The current tunnel is an expensive failure. With an average speed of 12 MPH it actually takes longer to drive a bus through it than on the road above. Normally you put transit lines in tunnels because that means the vehicles in them can go faster than they could in mixed traffic, but this is Boston, this was the Big Dig and a EOT/MBTA project. So the normal rules of logic and proper planning / execution do not apply.

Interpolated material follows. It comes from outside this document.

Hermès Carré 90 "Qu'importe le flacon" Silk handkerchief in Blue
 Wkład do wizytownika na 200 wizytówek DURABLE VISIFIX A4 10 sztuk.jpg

Take the whole idea of the Silver Line.

Initial Problem:

Replace a heavy rail line connection to downtown.

Solution:

Bus begins at either Logan Airport or the Seaport and travels block after block in mixed traffic under diesel power until it arrives at Silver Line Way, shuts down completely, starts up again under electric power, then runs at 12 MPH through a dedicated tunnel until Charles St. where it stops, shuts down again, restarts its diesel engine, then travels in a dedicated lane that disappears after a few hundred feet and becomes a normal bus line again.

Got that?

For added kicks remember that one 60′ Silver Line bus holds fewer people than one Green Line car. Keep in mind how quickly a two car Green Line train gets packed. Now keep one of the cars home and take away about 1/3 of the useable space in the one that’s left. Then give it a 50% speed reduction and zero ride comfort. Add airport passenger luggage.

That’s the Silver Line.

The first thing to remember about the bus line is that merging the two halves was never really a priority for anyone living in Roxbury. The state has continually repeated the meme that residents there long for a one-seat ride to the airport much to the confusion of people living in Roxbury who can’t remember anyone ever asking for something like that. In fact much has been made of the desire for a one seat ride all the way into downtown Boston. Proponents of such service have pointed to the abandoned tunnels running between Boylston Station and Eliot Norton Park as a possible solution. The MBTA has countered that with claims that the tunnels are too old and unusable. This flies in the face of an engineering survey conducted in 2001… by the MBTA. (See more in the Sierra Club’s report)

The now-dead-for-real-this-time Silver Line plan would have offered Roxbury residents the one-seat ride to the airport no one ever remembers asking for… except when it turned 70% of the buses arriving at Boylston back to the Seaport and Airport. Couldn’t even get that part right.

To allow this the T would need to dig up Boylston St., remove huge swaths of old growth trees on the Common, sneak in a parking garage expansion, likely undermine the foundations of Emerson College’s entire campus, do untold damage to the Central Burying Ground and still manage to put the existing abandoned light rail tunnels permanently beyond use. (See page 18) …and take at least five years to do so.

Keep in mind this is the agency that has spent just as long trying to build a bus shelter above ground at Kenmore and almost destroyed a church trying to dig an elevator shaft at Copley.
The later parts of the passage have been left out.